Work to complete:
Restate word for word the lines of the listing below, from its first line through the line with "Two women with their pups", without the pictures.

Material for the task:
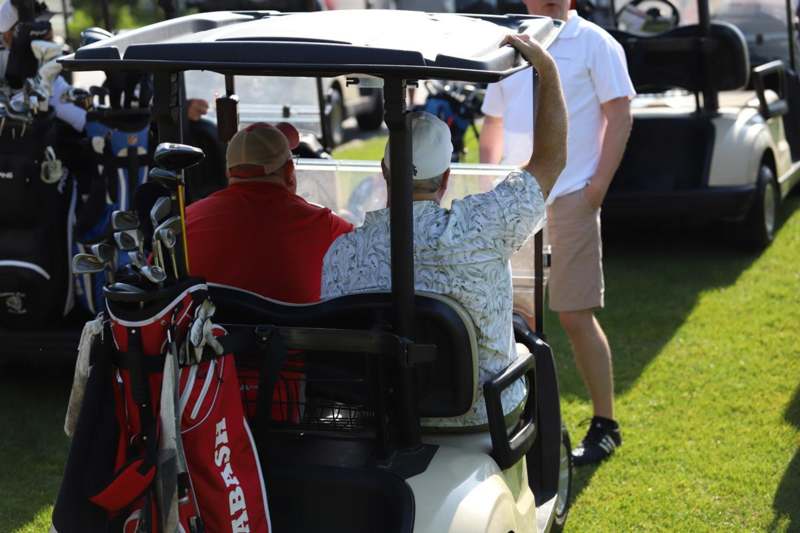 two men in a golf cart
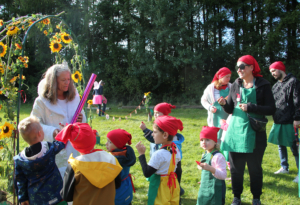 Kinder mit roten Mützen und bunten Overalls spielen im Freien, während eine Betreuerin mit einem langen Ballon eine Aktivität anleitet. Im Hintergrund sind Sonnenblumen und andere Kinder zu sehen.
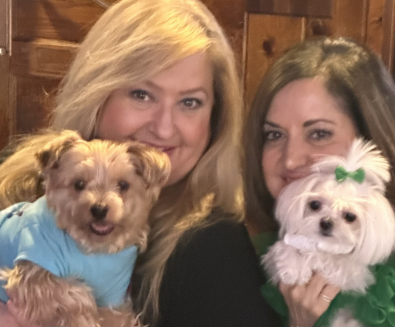 Two women with their pups
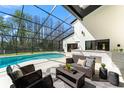 Screened-in pool area with an outdoor kitchen and comfortable lounge furniture at 4520 Pine Hollow Dr, Tampa, FL 33624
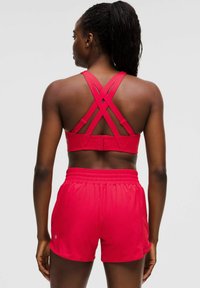 Sujetador deportivo rojo con tirantes cruzados y broche, combinado con pantalones cortos rojos de cintura elástica. Tejido suave y ligero, con un detalle mínimo de logotipo.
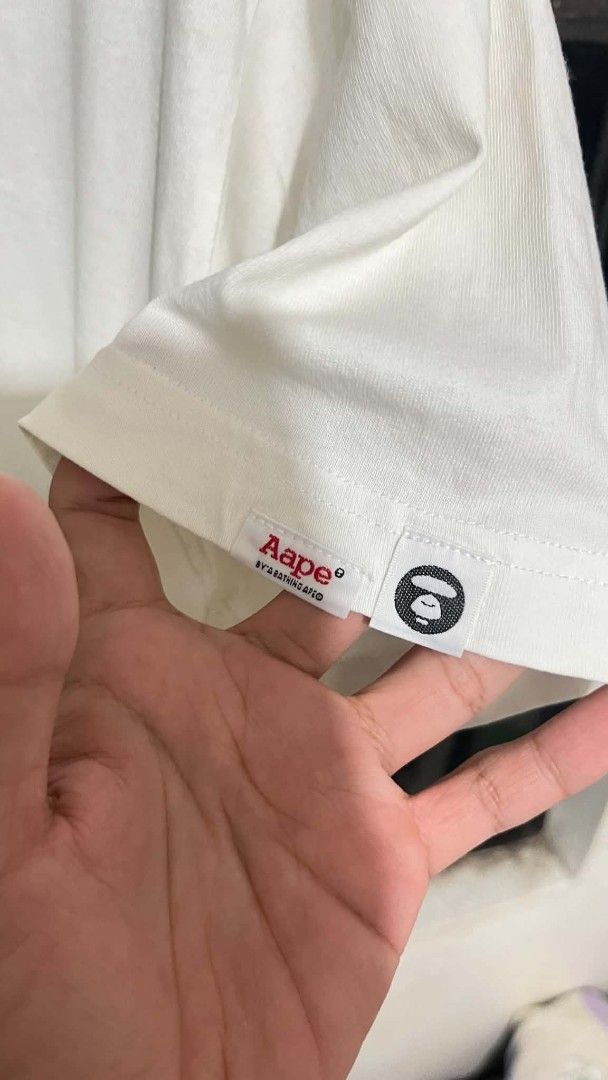 AAPE By A Bathing Ape T-Shirt White (Category: Tshirts & Polo Shirts ) located in Polangui. Submitted by thriftniken (Listing ID 1467886531, Image 3). Description: - Brand: AAPE By A Bathing Ape - Item: White graphic tee with 'AAPE NOW!' circle logo - Size: M - Details: Classic crewneck, short sleeves, signature sleeve hem tag, and branded neck tape - Condition: Clean white fabric, well-maintained - Style: Streetwear / Casual.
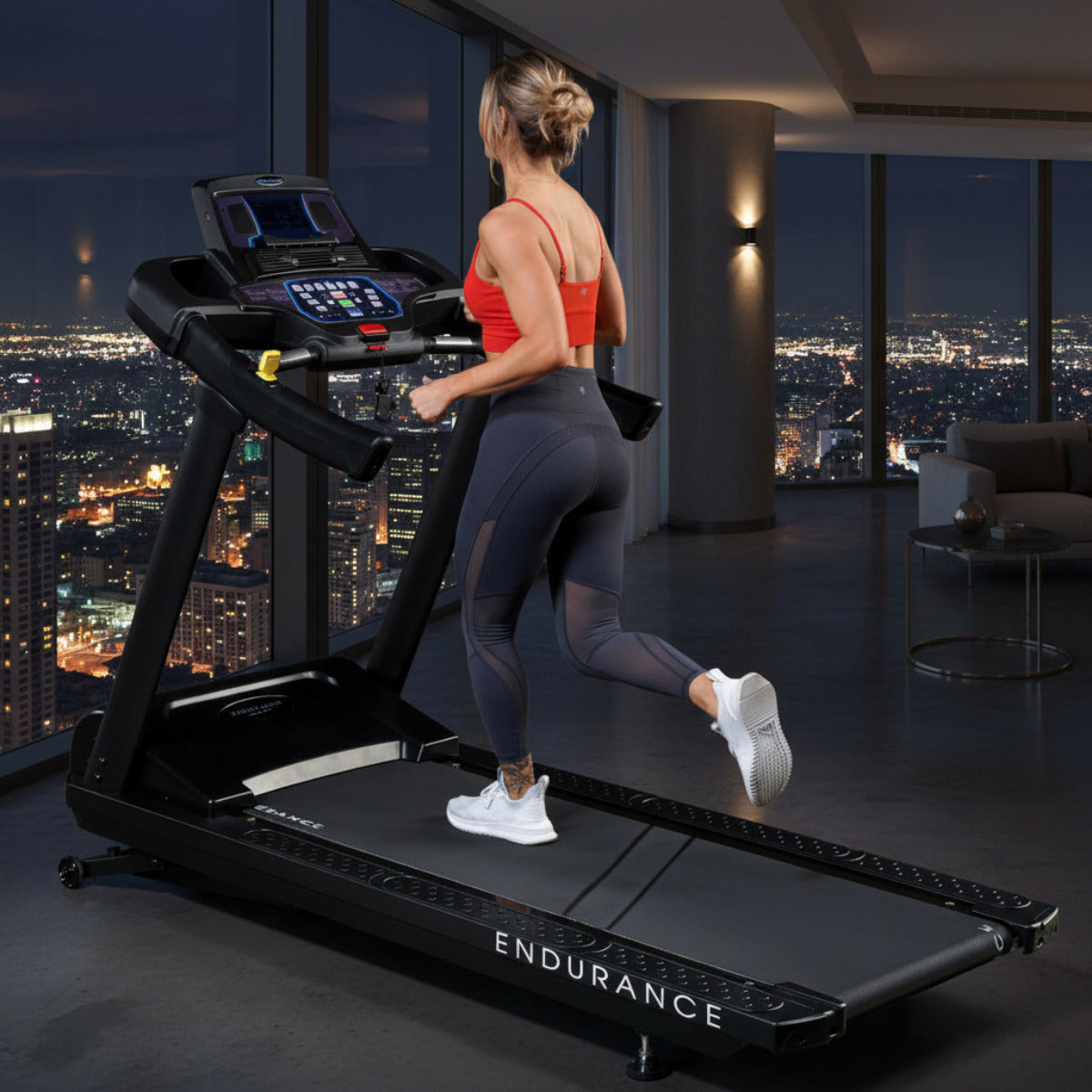 Body-Solid Endurance T150 Commercial Treadmill woman running in penthouse at night
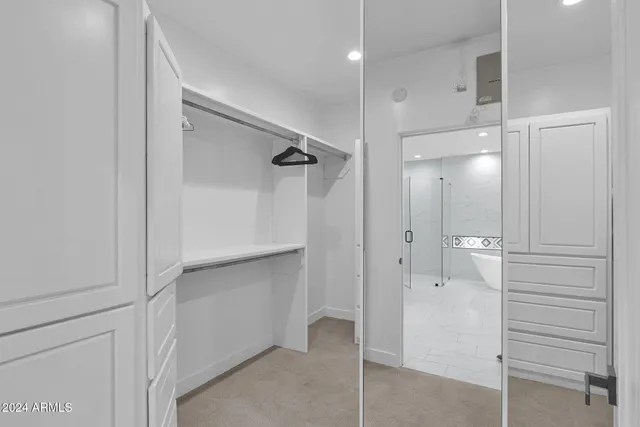 a bathroom with a shower and a glass door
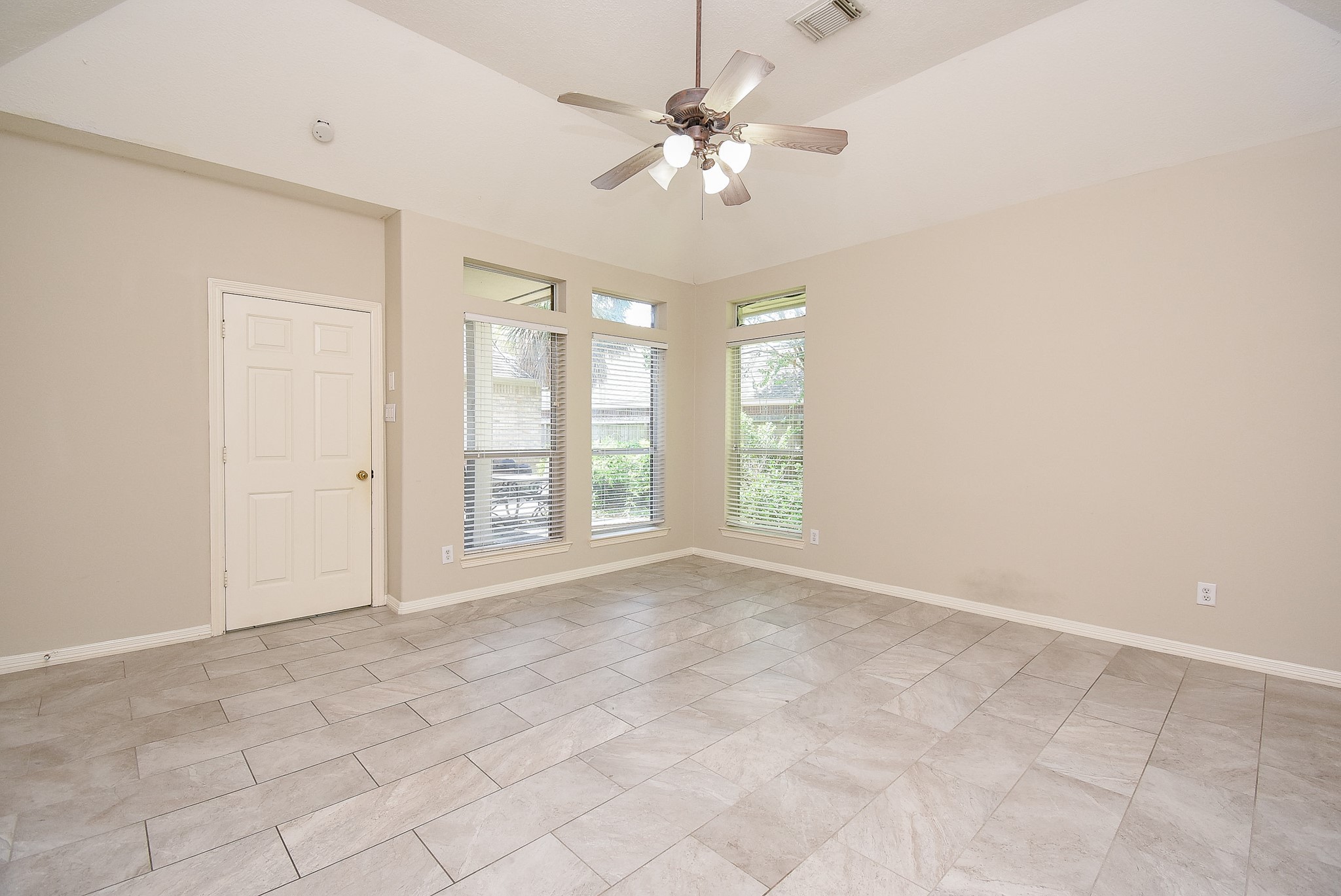 1714 Wellington Way Houston, TX 77055 - Photo 11 of 20 an empty room with chandelier fan and windows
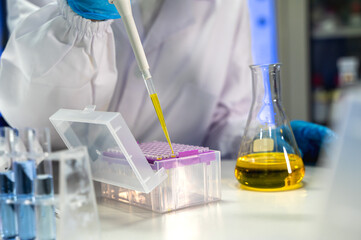 Unknown lab technician working with lab pipette in medical laboratory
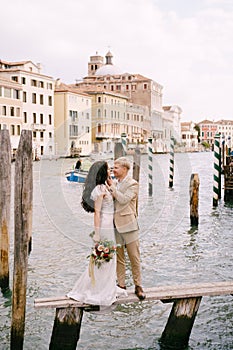 Italy wedding in Venice. The bride and groom are standing on a wooden pier for boats and gondolas, near the Striped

Expected answer:
 two men in a golf cart
 Kinder mit roten Mützen und bunten Overalls spielen im Freien, während eine Betreuerin mit einem langen Ballon eine Aktivität anleitet. Im Hintergrund sind Sonnenblumen und andere Kinder zu sehen.
 Two women with their pups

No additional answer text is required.